"Tiap tahun kok begini. Repot amat". Demikianlah saya membatin tadi siang saat menemukan di grup pertemanan ada yang mengirimkan tautan dan video soal ucapan natal yang katanya haram.
Untungnya tak terlalu banyak teman yang terpancing untuk "mendiskusikannya" sehingga grup tetap adem. Mungkin karena sebagian teman juga memiliki suara batin yang serupa dengan saya. Tak berguna membuka tautan dan video itu, apalagi ikut menyebarkannya ke grup sebelah. Saya pun menghapus kiriman itu agar tak merusak tampilan kolom chat.
Bagi saya mengucapkan atau tidak mengucapkan selamat natal bukan sesuatu yang istimewa. Artinya, mereka yang meyakini bahwa mengucapkan selamat natal ialah haram, bisa dipahami. Sebab memang ada argumennya.
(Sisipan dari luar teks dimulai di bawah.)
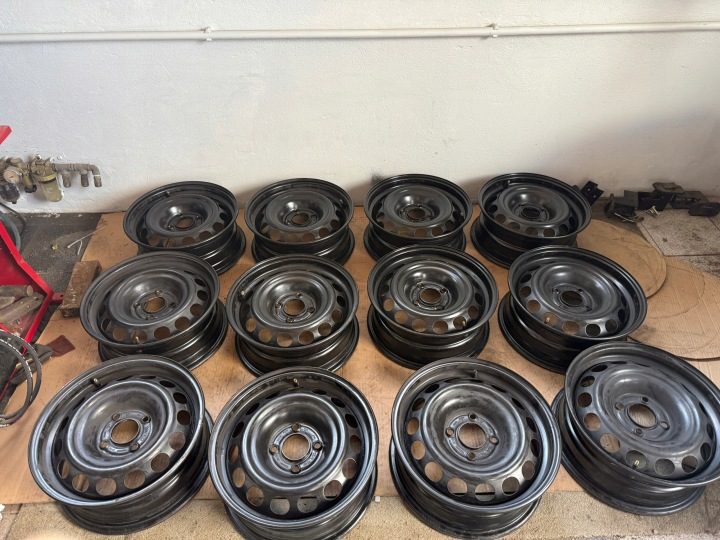 Штампованный диск Peugeot OE 9825102480 6.0" x 15" 4x108 ET 32, фото 1
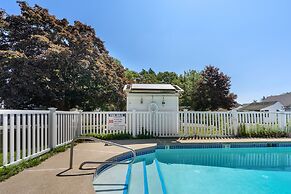 The Beaches Guest Rooms and Cottages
Di sisi lain mereka yang menganggap menyampaikan ucapan selamat natal tak dilarang agama juga bisa diterima dan ada pula dasarnya. Itu bukan toleransi yang kebablasan.
Sudah begitu saja. Maka urusan menjadi beres. Kalau kata Gus Dur, "gitu aja kok repot".
Akan tetapi kenyataannya setiap tahun tak bisa beres. Malah terkesan repot.
Perihal ucapan selamat natal, topi santa, atau atribut Natal lainnya dijadikan polemik. Setiap tahun pembahasan tentang hal itu direproduksi ulang.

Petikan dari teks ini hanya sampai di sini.